Spans and the Categorified Heisenberg Algebra

Posted by John Baez

There’s a nice conference coming up soon in the wild west of China:

  • Higher Structures in China IV, Lanzhou University, August 14-16, 2013, organized by Li Guo, Yanfeng Luo, Weiwei Pan, Yunhe Sheng and Chenchang Zhu.

Chongying Dong is giving a short course on quantum dimensions for vertex operator algebra representations, and quantum Galois theory. Pierre-Louis Curien will give one on higher-dimensional rewriting and applications to coherent presentations of Artin groups. And I’ll give one about spans of groupoids and the combinatorics underlying the key relation in the Heisenberg algebra:

aa =a a+1 a a^\dagger = a^\dagger a + 1

Besides talking about these topics, which form a nice example of categorified algebra, I thought this would be a good chance to familiarize more people with the second column of the periodic table:

  • bicategories
  • monoidal bicategories
  • braided monoidal bicategories
  • sylleptic monoidal bicategories
  • symmetric monoidal bicategories

So, I’ll use Mike Stay’s wonderful diagrams to explain these things. You can see my slides here.
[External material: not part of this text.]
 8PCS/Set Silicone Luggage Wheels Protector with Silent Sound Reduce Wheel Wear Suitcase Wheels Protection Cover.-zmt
Heisenberg reinvented matrices while discovering quantum mechanics, and the algebra generated by annihilation and creation operators aa and a a^\dagger obeying

aa =a a+1 a a^\dagger = a^\dagger a + 1

was named after him: the Heisenberg algebra. It turns out that matrices arise naturally from ‘spans’, where a span between two objects is just a third object with maps to both those two:

Spans also let you formalize the simple combinatorial interpretation of the equation aa =a a+1 a a^\dagger = a^\dagger a + 1 , namely,

there’s 1 more way to add an element to a set and then remove one than to remove one and then add one.

More recently, Mikhail Khovanov introduced a ‘categorified’ Heisenberg algebra, where this equation holds only up to isomorphism, and this isomorphism obeys new relations of its own.
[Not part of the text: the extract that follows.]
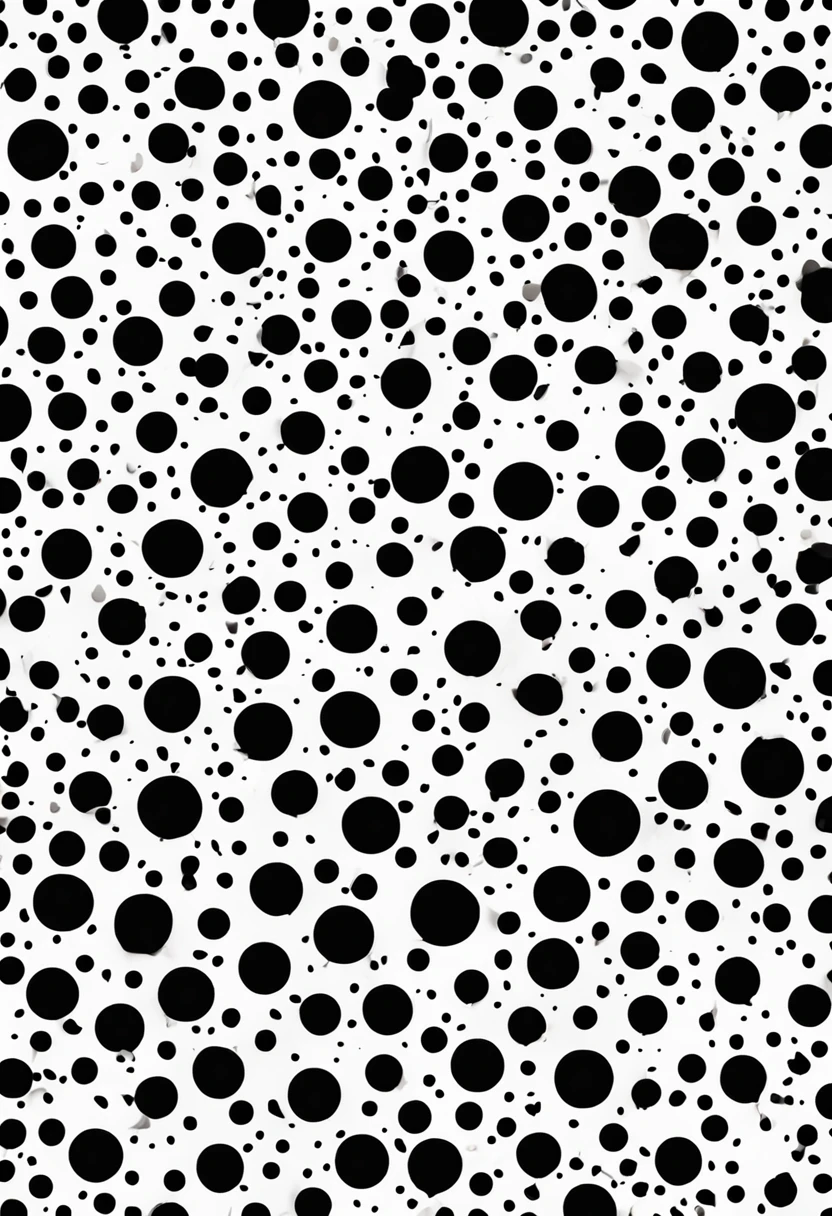 Use only black and white dots,Creative painting,، simple,100 points of different sizes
The meaning of these new relations was initially rather mysterious, at least to me. However, Jeffrey Morton and Jamie Vicary have shown that these, too, have a nice interpretation in terms of spans. We can begin to formalize this using the work of Alex Hoffnung and Mike Stay, who have shown that spans of groupoids are morphisms in a symmetric monoidal bicategory.

Here are the slides:

Part 1 – How Jeffrey Morton and Jamie Vicary categorified the Heisenberg algebra using spans of groupoids.

Part 2 – The definition of symmetric monoidal bicategory, following Mike Stay.

Part 3 – How the categorified Heisenberg algebra shows up in the theory of Young diagrams and Schur functors.

For more on this subject try these papers:

For more on the physics of spans, try this other talk of mine:

The pictures of creation and annihilation spans above are by Jeffrey Morton. The truncated shuffle polytope, a coherence law in the definition of braided monoidal bicategory, was drawn by Mike Stay. The Young diagrams with arrows showing the action of the categorified creation operator were drawn by Jeffrey Morton and Jamie Vicary.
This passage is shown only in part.